The book was translated into over 30 languages, selling over 10 million copies worldwide. In 2010, it was adapted to a movie starring Julia Roberts, making US$204 million at the box office.
4. Dietrich Mateschitz, co-founder of Redbull, discovered the energy drink in Thailand
Back in 1982, Austrian Dietrich Mateschitz was a 40-year-old toothpaste salesman travelling in Thailand. There, he noticed the tuktuk (electric rickshaw) drivers drinking a beverage called Krating Daeng to stay awake.
He tried the drink and was amazed at how it made his jetlag disappear. He partnered with the owners of Krating Daeng and changed the recipe, eventually carbonating it, selling it in a slim silver can, and renaming it Red Bull. And the rest, as they say, is history.

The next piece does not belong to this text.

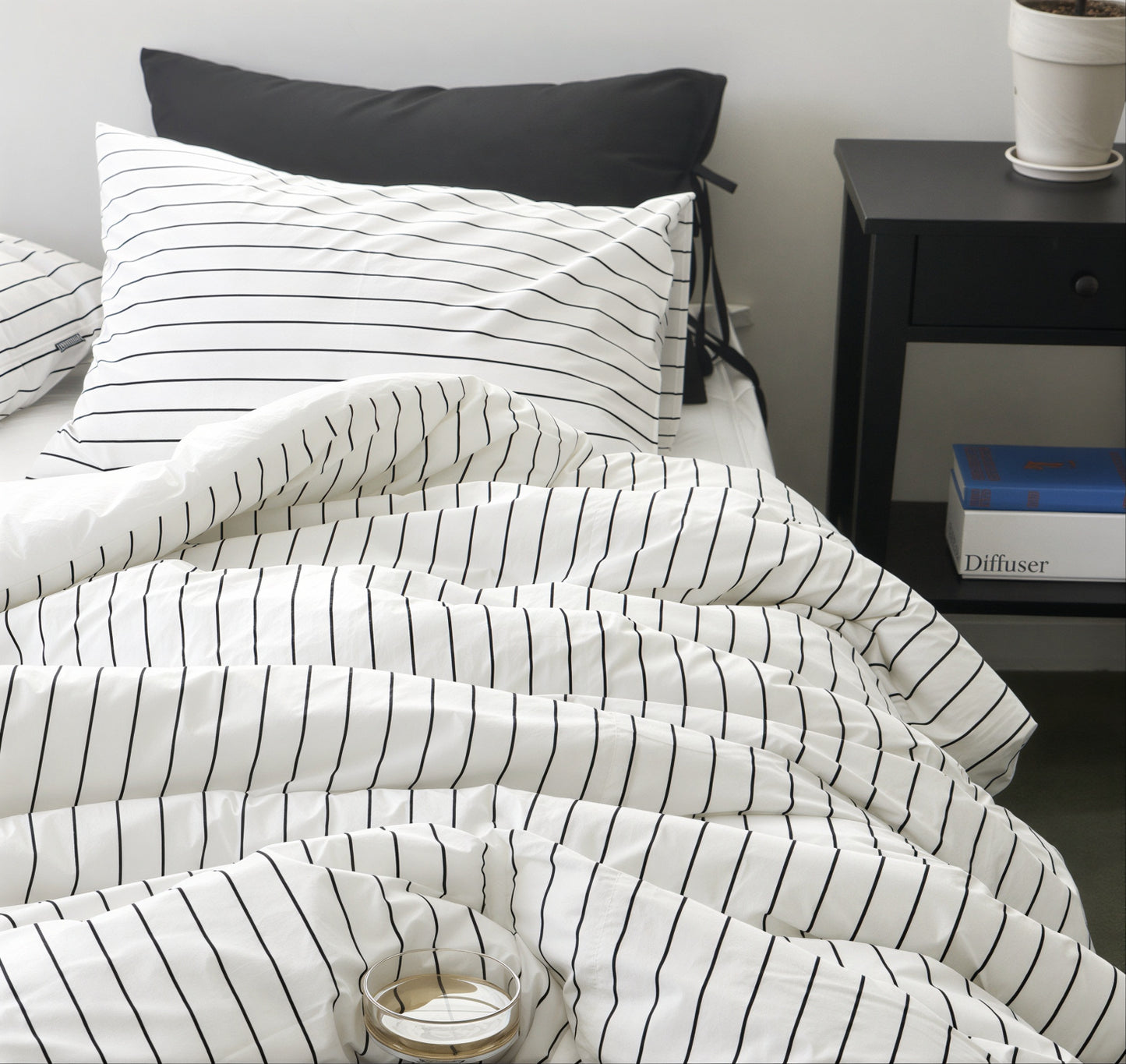 Dreamy Ribbon-Tie Comforter Set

5. JK Rowling came up with the idea for the Harry Potter books on a train
In 1990, 25-year-old JK Rowling was considering moving to Manchester with her then-boyfriend. After looking at some flats, she took a train back to London, and the idea for Harry Potter came to her.
“Coincidentally, I didn’t have a pen and was too shy to ask for one on the train, which frustrated me at the time, but when I look back it was the best thing for me,” she told Urbanette magazine, Newsweek reports. “It gave me the full four hours on the train to think up all the ideas for the book.”
She wouldn’t finish her book until five years later, and it would take her a few more years to get it published. But now, as we all know, Harry Potter is a multi-million franchise, making Rowling the richest author of all time.
6. A trip to the beach led to Lin-Manuel Miranda’s most successful work (so far)
After the first year of his Tony-winning show In the Heights, Miranda decided to go on a beach vacation with his now-wife. In the airport bookstore, he picked up a copy of Alexander Hamilton, a biography by historian Ron Chernow.
This seemingly innocuous purchase led to the highly successful musical Hamilton, which earned Miranda multiple Tony Awards, a MacArthur Genius grant, and the 2016 Pulitzer Prize in Drama, to name a few. Miranda is said to have a net worth of US$10 million.
So is travel a good investment? What do you think?